South Africa’s Protection of Personal Information Act (POPIA) 2013
POPIA regulates the processing of personal information in South Africa, emphasising transparency, consent, and the secure handling of data.
POPIA aligns closely with GDPR principles, including data subject rights, data minimization, and accountability, but not everything is consistent. Amongst the differences are the following:
◦ NDPR does not consider pseudonymised data (that is, processing of data which makes identification of the individual to whom it belongs impossible without additional, separate information). GDPR does.
◦ The requirement for consent in the processing of children’s personal data is required for all under-18s in South Africa. This only extends to under-16s (and in some cases, under-13s) with the GDPR.

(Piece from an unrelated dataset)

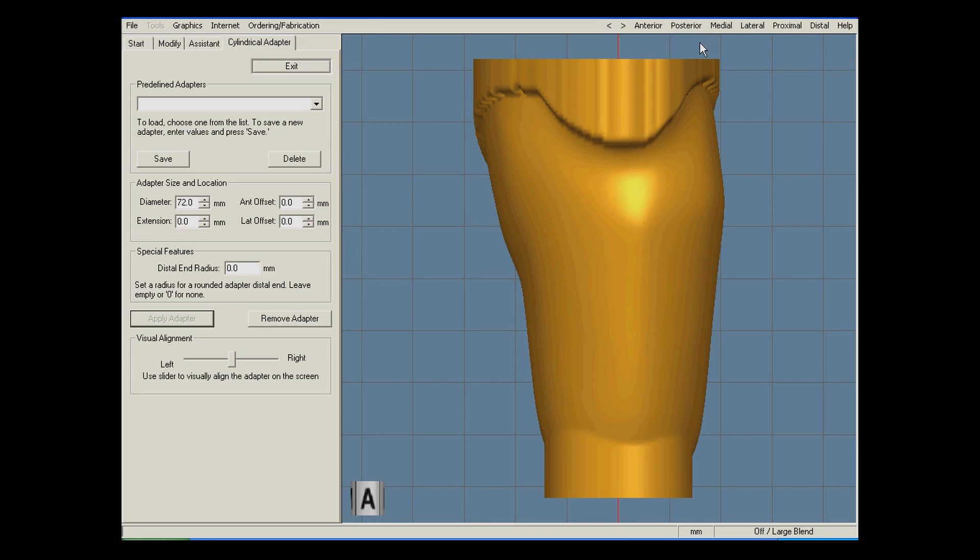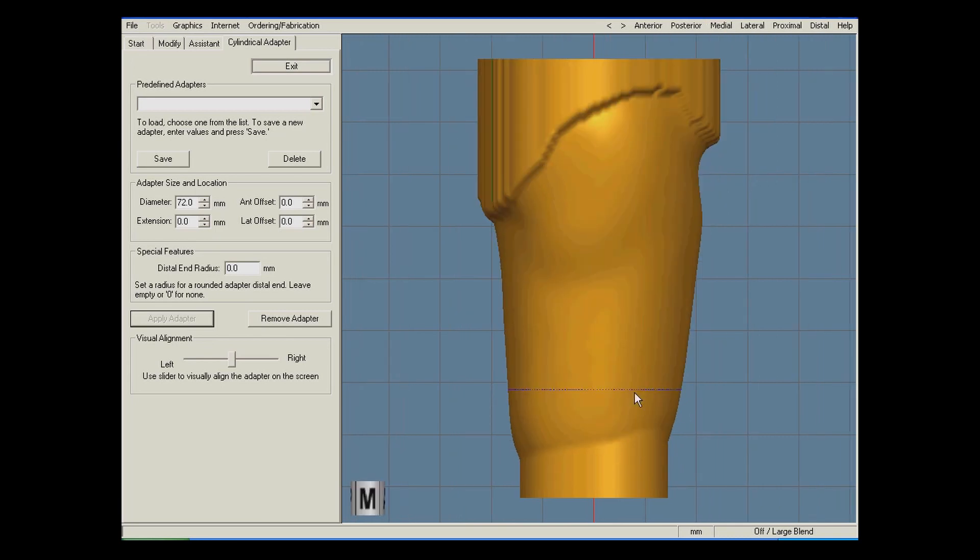From the anterior view, I can see that the lateral side of the socket slightly overhangs the adapter. And then from the medial view, I can see that the socket is a little too far back and needs shifted forward slightly.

◦ Although both pieces of legislation impose a responsibility on controllers to carry out impact assessments to ensure standards are imposed and maintained, the POPIA doesn’t go into specifics as to how to conduct that review. GDPR does.
◦ Unlike GDPR, POPIA contains no right to data portability.
Nigeria’s Data Protection Regulation (NDPR) 2019
The NDPR provides a legal framework for the protection of personal data in Nigeria, and places the emphasis on consent, data subject rights, and data security measures.
NDPR shares numerous similarities with GDPR, particularly in areas like data subject rights, purpose limitation, and accountability. Differences include:
◦ NDPR does not consider pseudonymised data. GDPR does.
◦ NDPR places no obligation on data processors to maintain records or processing activities. GDPR does.
◦ In the event of a data breach, GDPR requires data controllers to notify the relevant authorities. NDPR carries no such requirement (although it does impose numerous other measures).
Kenya’s Data Protection Act (DPA) 2019
DPA seeks to regulate the processing of personal data in Kenya, focusing on consent, purpose limitation, and data subject rights.
Kenya’s DPA exhibits parallels with GDPR, especially in terms of consent, data subject rights, and data security measures. There are, however, some distinct differences:
◦ Unlike GDPR (but like Nigeria’s DPR), the DPA does not require data controllers to keep records of their processing activities.
◦ While both pieces of legislation confer the right for data subjects to access their personal information, the DPA doesn’t offer much in the way of explanation about how a data subject might exercise that right.
◦ Both pieces of legislation confer the right to data portability, but the DPA presents the right in (arguably) simpler and broader terms than the GDPR.
◦ Enforcement (see below)
GDPR has an extraterritorial reach, which means that it applies to organisations worldwide processing the data of EU residents. African data protection laws typically apply within their respective jurisdictions but not beyond it.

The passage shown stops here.